Motorway charge point targets missed
In Feb, the House of Lords (HoL) Environment and Climate Change Committee published a report ‘EV Strategy: Rapid Recharge Needed’ which states: that ‘The availability of public charge points across the UK is highly variable, and the government has missed its targets for motorway charge points.’
The government stated that every motorway service station should have at least six rapid or ultra-rapid chargers by the end of 2023. However, according to the RAC’s analysis of data from Zap-Map, only 46 out of 119 sites (under 40%) had achieved this.
CPOs and motorway service operators are keen to install rapid and ultra-rapid chargers, but it’s connecting these to the grid via high-power cabling that is a major barrier – and is outside of their control. Again, the TCR is a major consideration and a potential barrier.
It’s not only motorway service stations where targets aren’t being met.
New challenges call for new thinking
The HoL report warns that ‘outdated’ planning rules are holding back the public charging infrastructure roll out, and local authorities need funding to help meet the targets.

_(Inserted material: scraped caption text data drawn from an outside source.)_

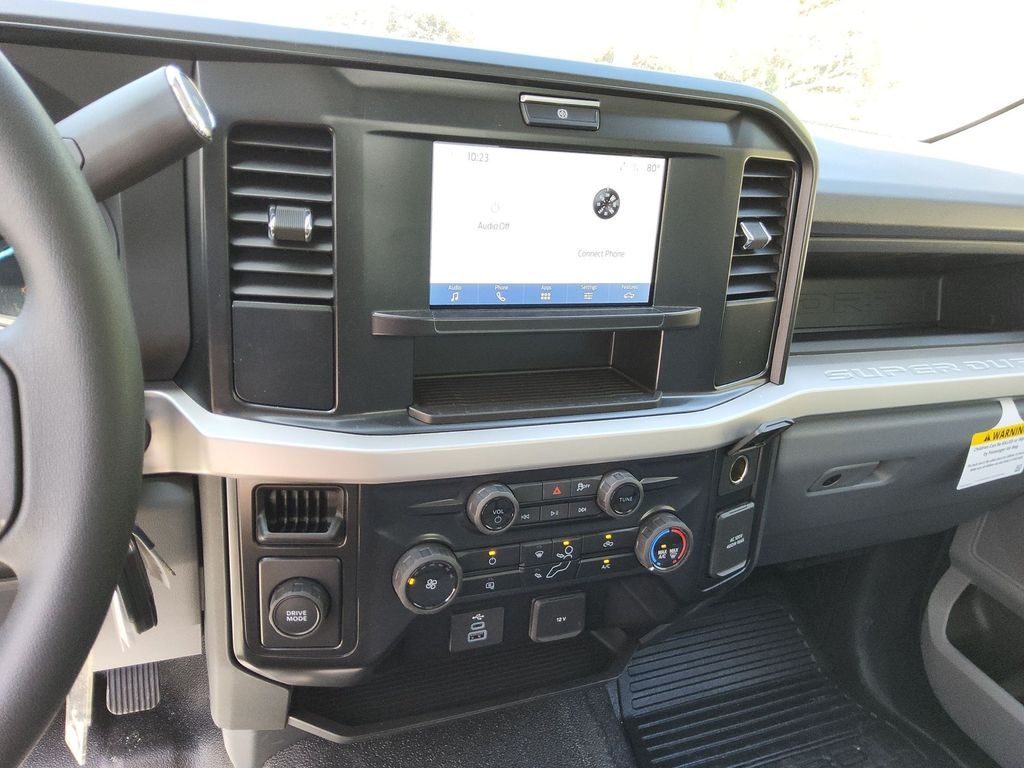 2025 Ford F-550 photo 12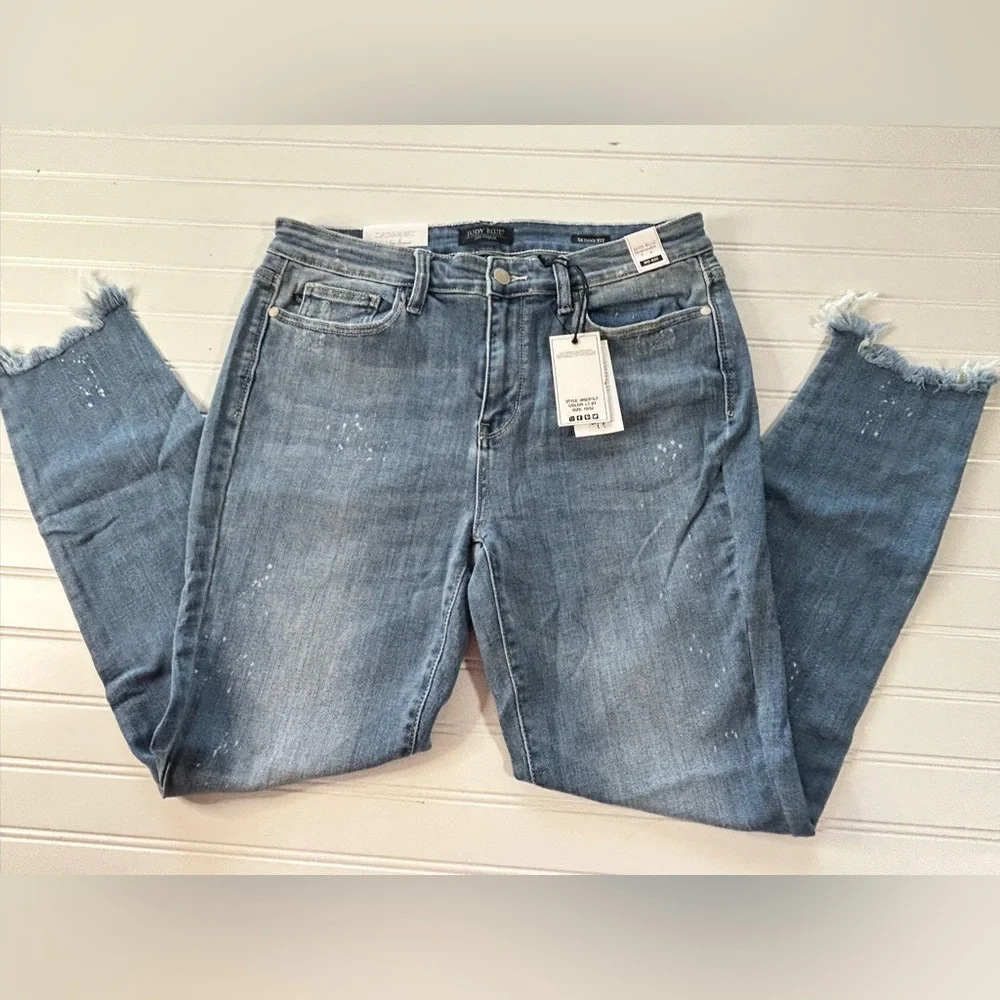 NWT Judy Blue Bleach Splash Mid Rise Shark Bite Skinny Jeans - Picture 8 of 14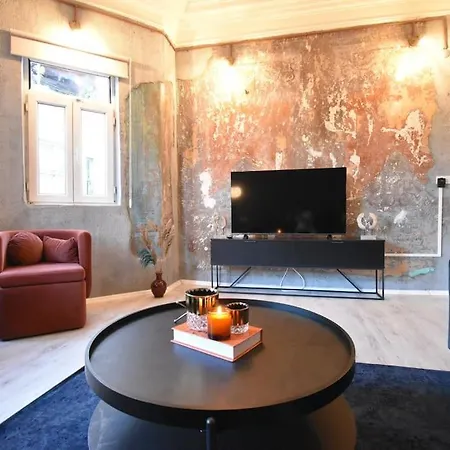 Villa Stunning 6br 4bath Near Tram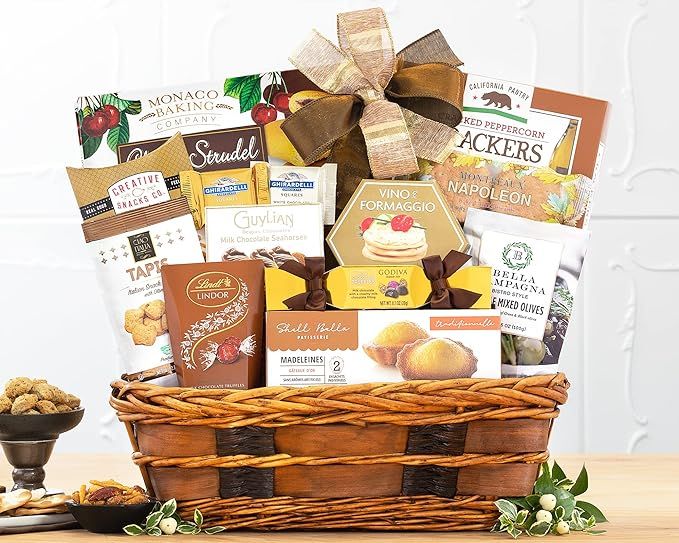 The Bon Appetit Gourmet Food Gift Basket by Wine Country Gift Baskets | Amazon (US)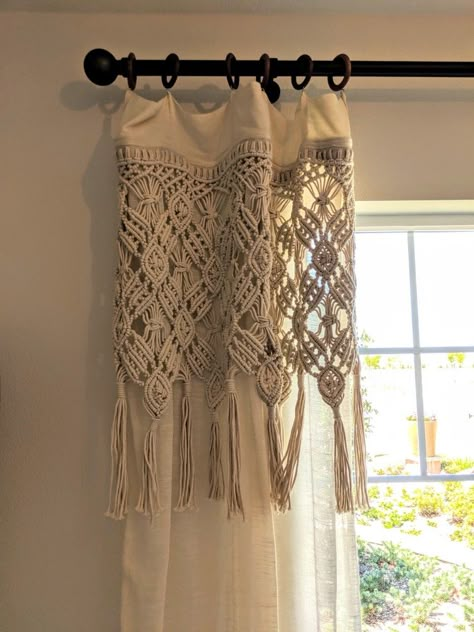 Modern Boho Curtains, Macrame Window Curtain, Cortina Boho, Macrame Curtains, Cortinas Boho, Slouchy Hat Pattern, Crochet Curtain Pattern, Macrame Wall Hanging Patterns, Stylish Curtains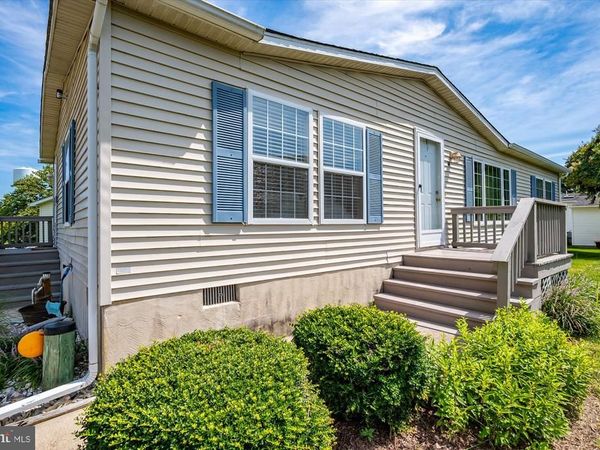 14 E WIND DRIVE, BERLIN, MD 21811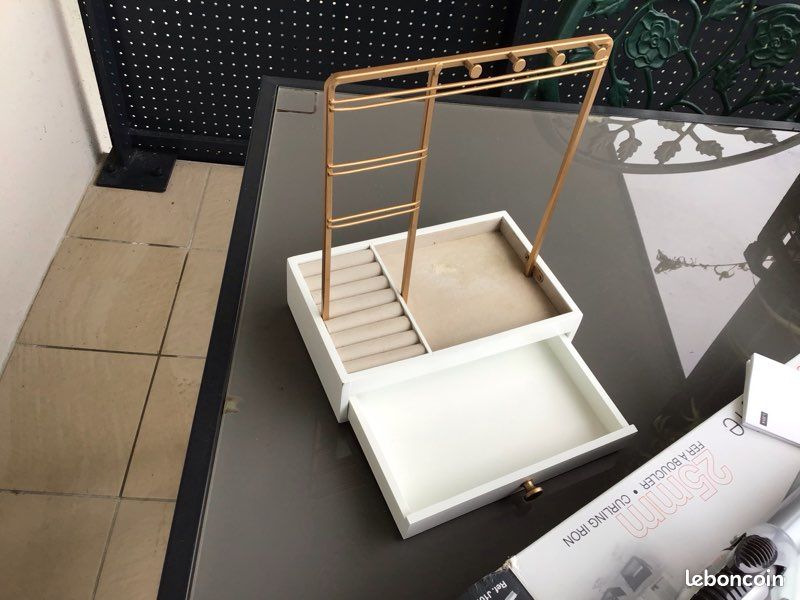 Trois accessoires deux pour les cheveux presque neuf et une boîte à bijoux maison du monde (image 12)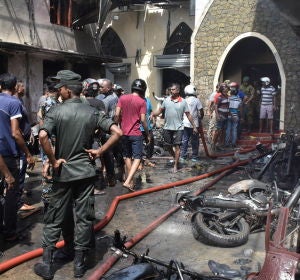 Sri Lanka sufre una cadena de atentados contra iglesias y hoteles de lujo. Sri Lanka sufre una cadena de atentados contra iglesias y hoteles de lujo.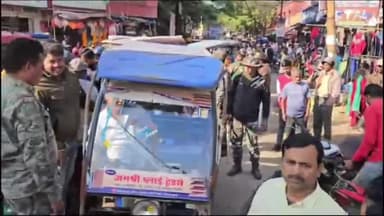 गिरिडीह: एक वाहन का पीछा करते हुए टावर चौक तक पहुंचा एक मोटरसाइकिल सवार टावर चौक पर मोटरसाइकिल छोड़कर हुआ फरार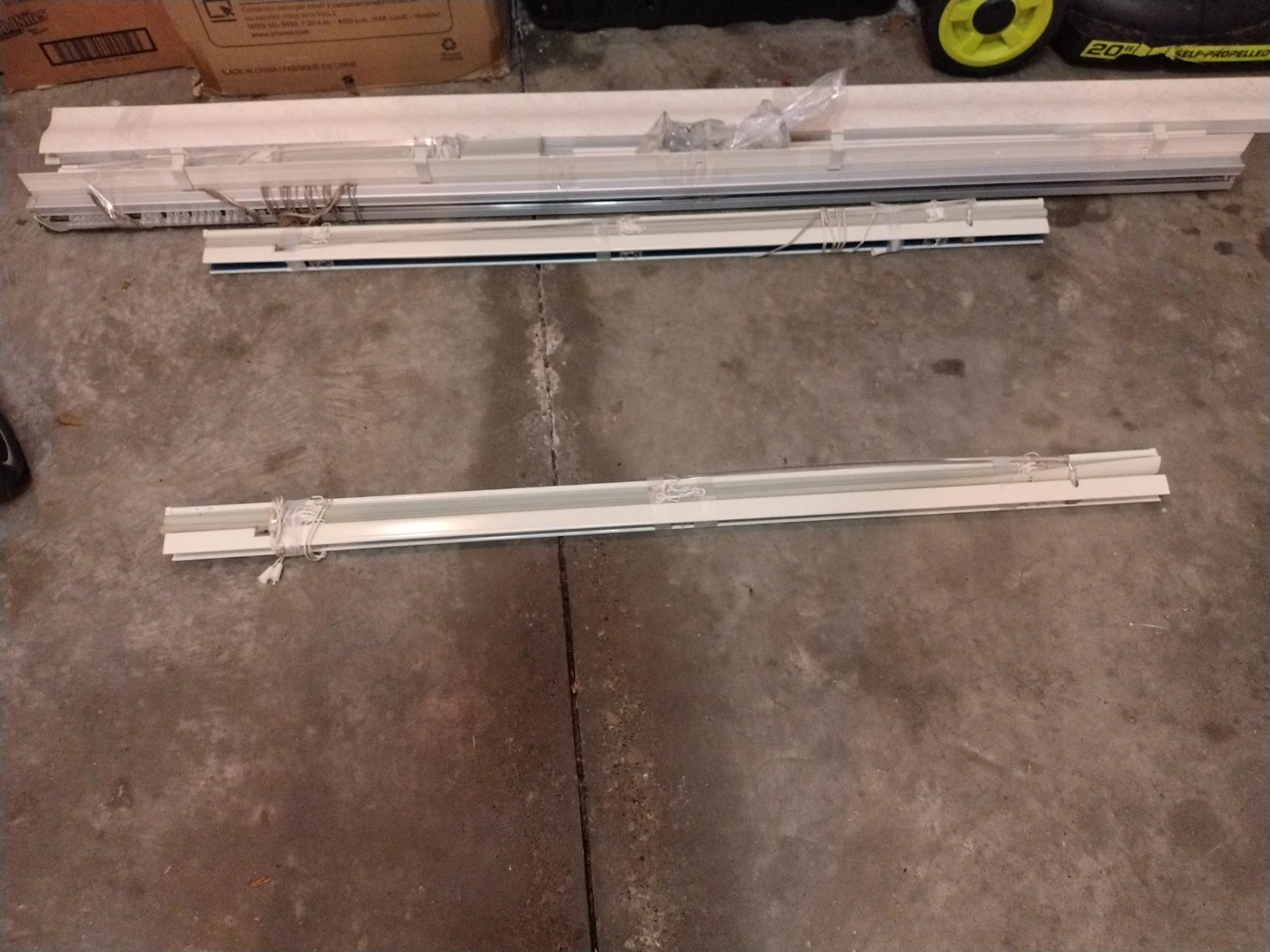 Set of 3 Vertical White Window Blinds - photo 2
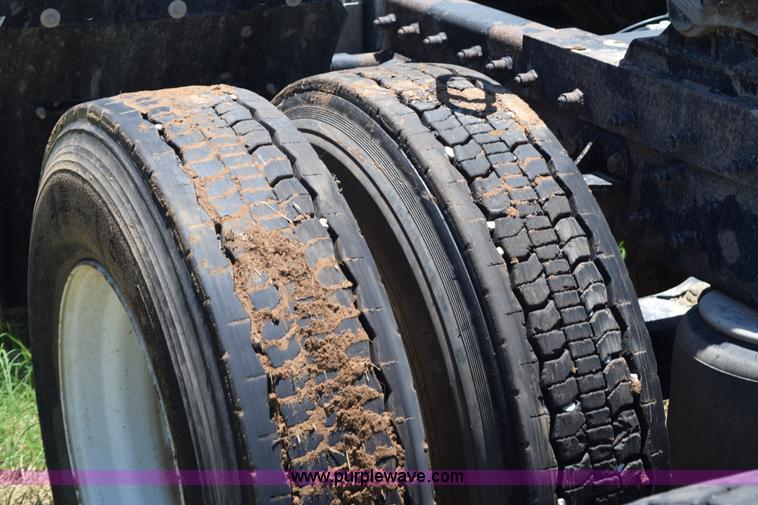 image for item K6137 1999 Peterbilt 377 semi truck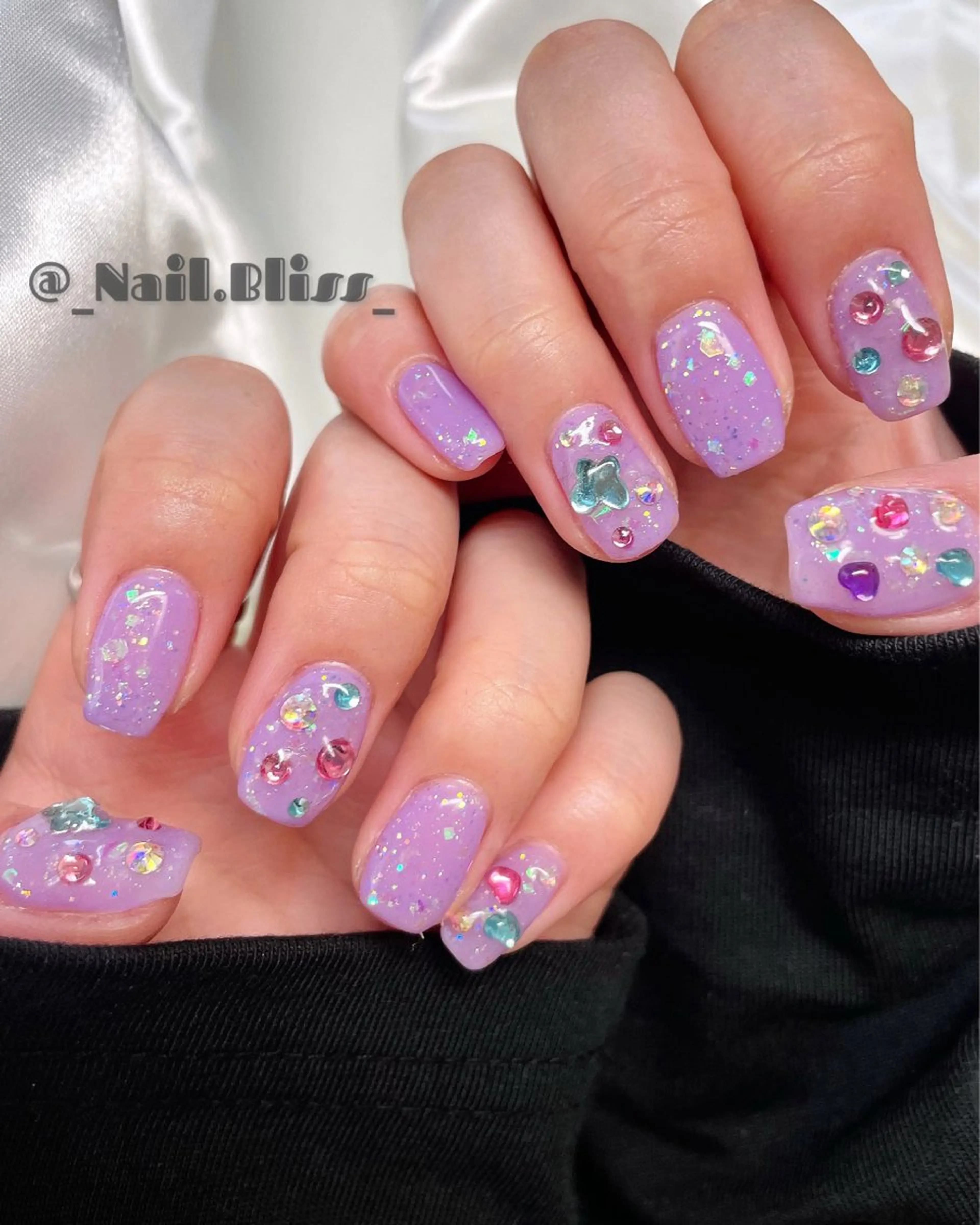 ネイル キラキラネイル ラメ(グリッター) パープル ストーンネイル ハンドネイル NAIL BLISSのネイルデザイン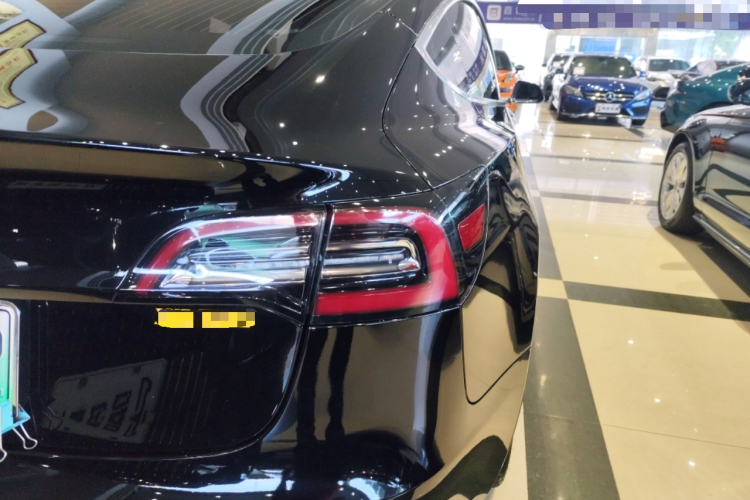 特斯拉 Model 3 2020款 标准续航后驱升级版车身外观9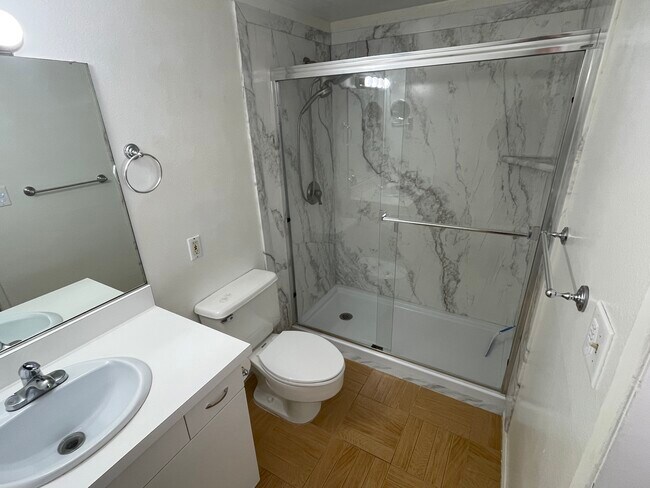 Photo - 31494 West St Unit Lower floor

Whether that’s funding for installing chargers on local authorities’ land, or to support the processing of planning applications to make it more attractive for private landowners to install charging hubs.
What needs to happen is some ‘joined up’ thinking. We’re trying to solve a radically new problem using ‘outdated’ methods that weren’t developed for this scale of problem.
We need to look at the bigger picture rather than our own individual elements. That means landowners, motorway service station operators, local authorities, the grid and CPOs need to work together to establish a smoother, faster way to meet the immediate challenge or risk failing future generations. But first, we need to find a more equitable way to fund the system upgrades.